Unison plans to lobby for a legally binding caseload limit for social workers in Wales, the union’s National Social Care and Home Care Conference was told.

Peter Crews, chair of the union’s social care forum in Wales, said the Social Work Task Force in England had failed to “grasp the nettle” by allowing employers too much influence over a proposed national framework for working conditions.

A steering group involving unions and employer bodies has been set up to develop the guidelines as part of the ongoing Social Work Reform Programme for England.

But Crews told the Unison conference in Manchester that he wanted the Social Services Commission for Wales, launched by the Welsh assembly government in December, to go further.

“We want legislation that sets the framework for caseloads and professional standards covering the whole of Wales,” he said.

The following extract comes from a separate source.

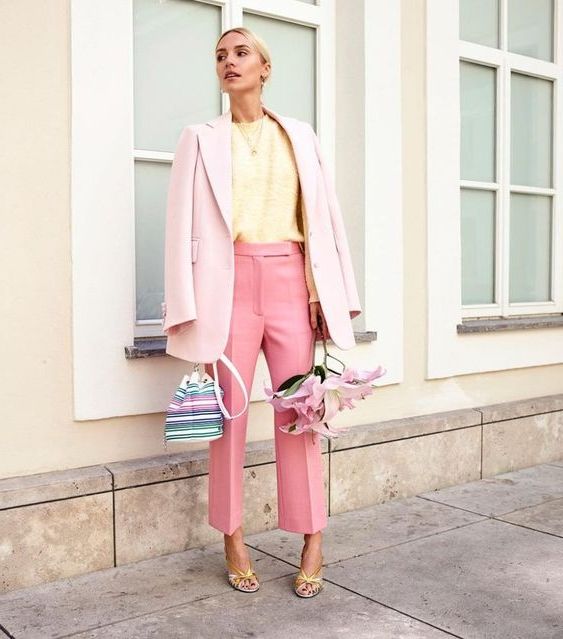 Pastel Color Outfits For Ladies: Spontaneous Street Style Ideas 2023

“If we allow employers to pursue their own agenda we won’t get there.”

Helga Pile, Unison’s national officer for social workers, said that convincing 22 local authorities in Wales to agree on something would be easier than in England, where there are 152 councils.

Speakers failed to agree on whether the recommendations of the Social Work Task Force were strong enough to deliver lasting reforms.

Chris Tansley, chair of Unison’s social care forum, was “pleased that the government at last seems to have recognised that the conditions going on in social work at the moment are horrendous”.

However, Pile, who was a member of the taskforce, said she felt the final report “didn’t go far enough” to tackle high caseloads.

“There was a broad spectrum of opinion and there wasn’t any consensus about caseload limits,” she said. “We and the British Association of Social Workers were pushing for more prescriptive limits but others were pushing for less.”

Taskforce chair Moira Gibb said at the launch of the report in December that the group rejected a single limit on caseloads in favour of a more flexible system operated on a team-by-team basis.